Browse bulletin items by A-Z

Published: 8th May, 2026


Contents

New from bpacnz: Migraine – much more than just a headache

Migraine is a complex neurological condition that affects around one in seven people in New Zealand. Many patients face a life-long and often daunting journey with migraine, which can significantly impact their quality of life; it is much more than just a headache. Patients with frequent and severe episodes will need ongoing reassurance and support with finding an effective migraine preventative medicine. This is often a trial-and-error process, involving multiple medicines over time. New options for migraine prophylaxis are now available, such as calcitonin gene-related peptide targeted treatments (e.g. fremanezumab, atogepant). These medicines are effective and are generally better tolerated than conventional migraine prophylaxis medicines, however they are not funded so cost may limit access for many patients.

This article covers the diagnosis and management of patients with migraine, including acute and prophylactic treatment options.
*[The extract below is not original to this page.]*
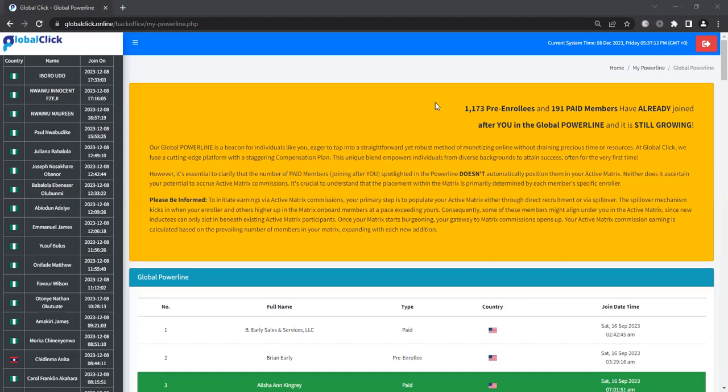However, it's essential to clarify that the number of paid members joining after you spotlighted in the power line doesn't automatically position them in your active matrix. Neither does it ascertain your potential to accrue active matrix commissions. It's crucial to understand that the placement in the matrix is primarily determined by each member-specific enroller. To initiate earnings via active matrix commissions, your primary step is to populate your active matrix either via direct recruitment or via spillover. Spillover mechanism kicks in when your enroller and others higher up in the matrix onboard members at a pace exceeding yours. Consequently, some of these members might align under you in the active matrix, since new inductees can only slot in beneath existing active matrix participants.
Read the article here. A B-QuiCK summary is also available.


In case you missed it – Pharmacological management of ADHD in adults and children: a new frontier for primary care

Global supply issues affecting psychostimulant medicines have highlighted persistent challenges experienced by people living with ADHD and their families/whānau. To improve access to ADHD treatment, prescribing restrictions and funding criteria have been amended, allowing general practitioners and nurse practitioners to initiate psychostimulant medicines for adults with ADHD. While not all primary care clinicians will choose to offer diagnostic services for ADHD, most will still be involved in prescribing psychostimulant treatment.

This article aims to increase the knowledge, skills and confidence of primary care clinicians in the pharmacological treatment of patients diagnosed with ADHD.

Read the article here. A B-QuiCK summary is also available.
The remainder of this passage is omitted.